**** Material for this exercise ****
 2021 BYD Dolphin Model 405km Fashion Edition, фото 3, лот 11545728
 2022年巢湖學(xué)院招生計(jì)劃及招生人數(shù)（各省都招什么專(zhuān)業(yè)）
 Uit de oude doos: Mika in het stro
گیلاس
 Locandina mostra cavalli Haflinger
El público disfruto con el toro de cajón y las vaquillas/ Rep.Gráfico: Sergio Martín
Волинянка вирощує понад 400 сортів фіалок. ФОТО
****
**** Material for this exercise ****
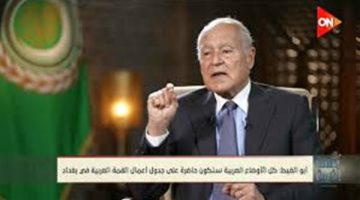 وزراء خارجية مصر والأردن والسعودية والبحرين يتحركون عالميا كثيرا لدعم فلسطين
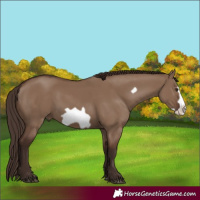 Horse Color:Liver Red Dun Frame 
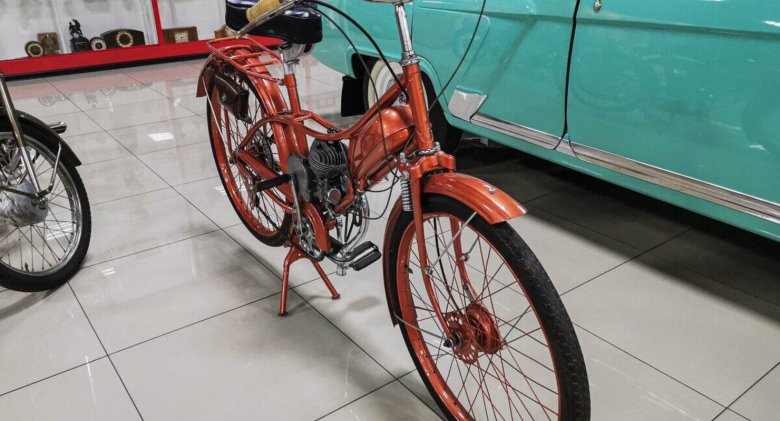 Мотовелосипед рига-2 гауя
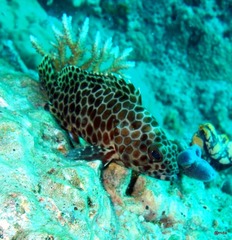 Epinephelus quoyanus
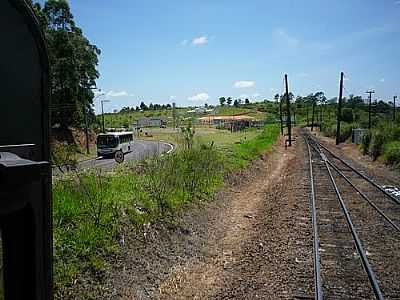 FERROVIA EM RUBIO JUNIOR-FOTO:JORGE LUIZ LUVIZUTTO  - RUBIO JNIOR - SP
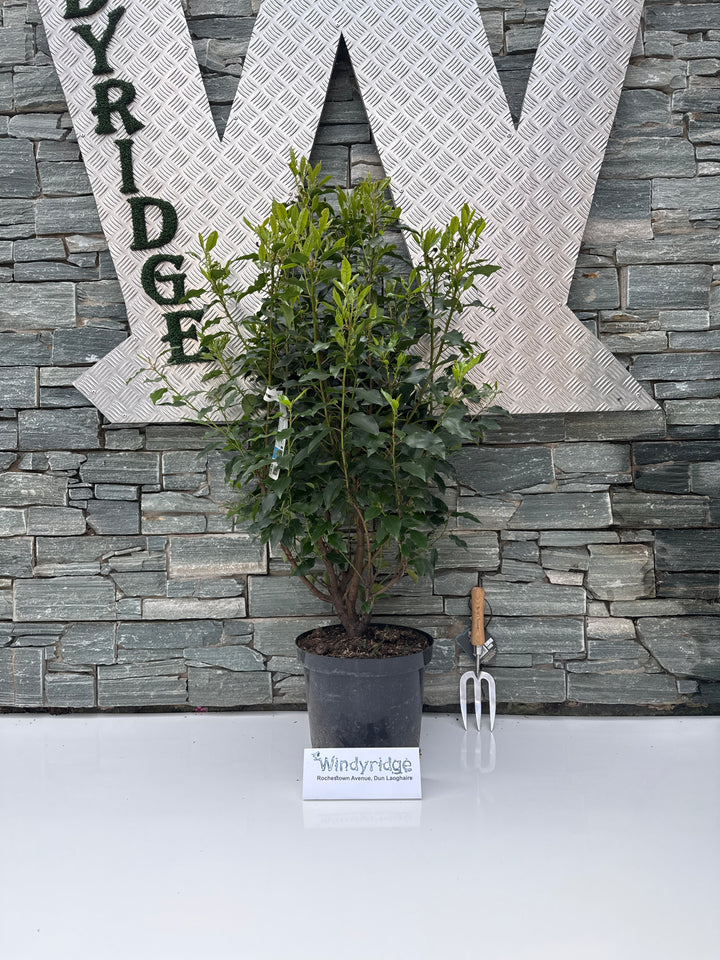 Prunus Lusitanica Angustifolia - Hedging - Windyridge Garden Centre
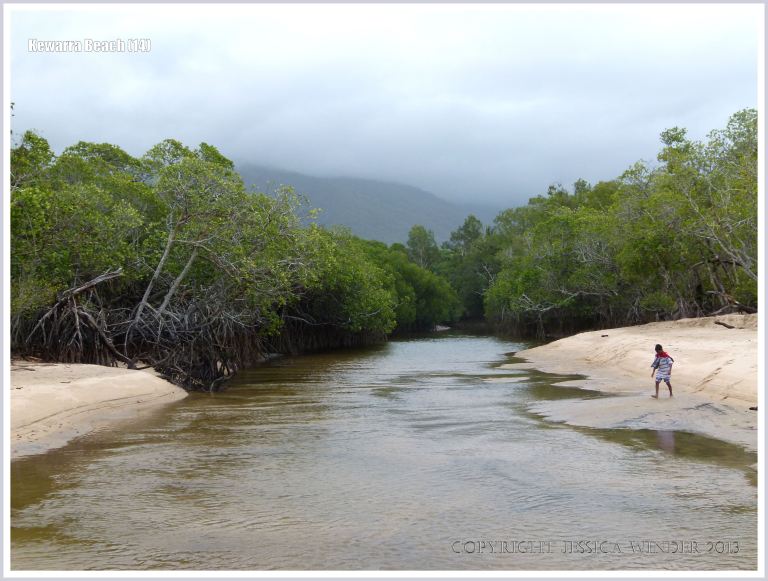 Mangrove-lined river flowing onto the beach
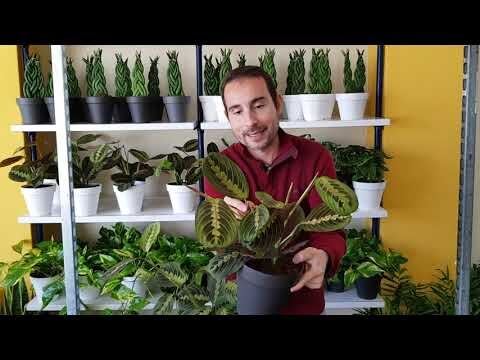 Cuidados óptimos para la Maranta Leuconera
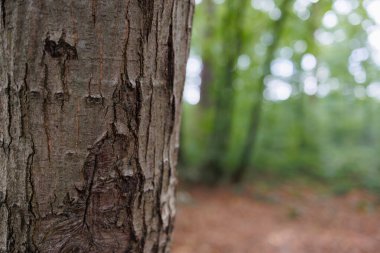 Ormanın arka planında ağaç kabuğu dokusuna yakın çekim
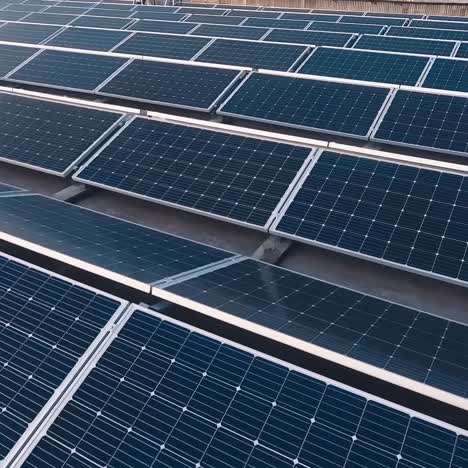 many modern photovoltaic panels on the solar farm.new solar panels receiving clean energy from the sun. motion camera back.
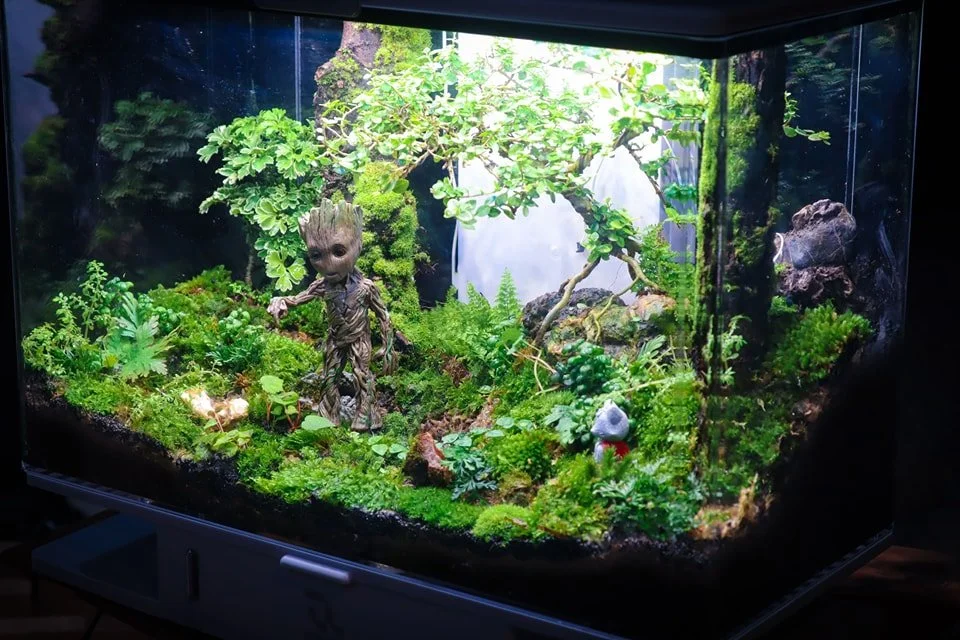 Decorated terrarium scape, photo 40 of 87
****
**** Material for this exercise ****
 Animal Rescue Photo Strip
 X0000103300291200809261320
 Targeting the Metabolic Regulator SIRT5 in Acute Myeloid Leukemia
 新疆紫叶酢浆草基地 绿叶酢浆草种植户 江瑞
****
About this exercise: When you reach the line containing "2021 BYD Dolphin" in the data above, start copying exactly, and stop after the line containing "Волинянка вирощує понад".

Your solution:
 2021 BYD Dolphin Model 405km Fashion Edition, фото 3, лот 11545728
 2022年巢湖學(xué)院招生計(jì)劃及招生人數(shù)（各省都招什么專(zhuān)業(yè)）
 Uit de oude doos: Mika in het stro
گیلاس
 Locandina mostra cavalli Haflinger
El público disfruto con el toro de cajón y las vaquillas/ Rep.Gráfico: Sergio Martín
Волинянка вирощує понад 400 сортів фіалок. ФОТО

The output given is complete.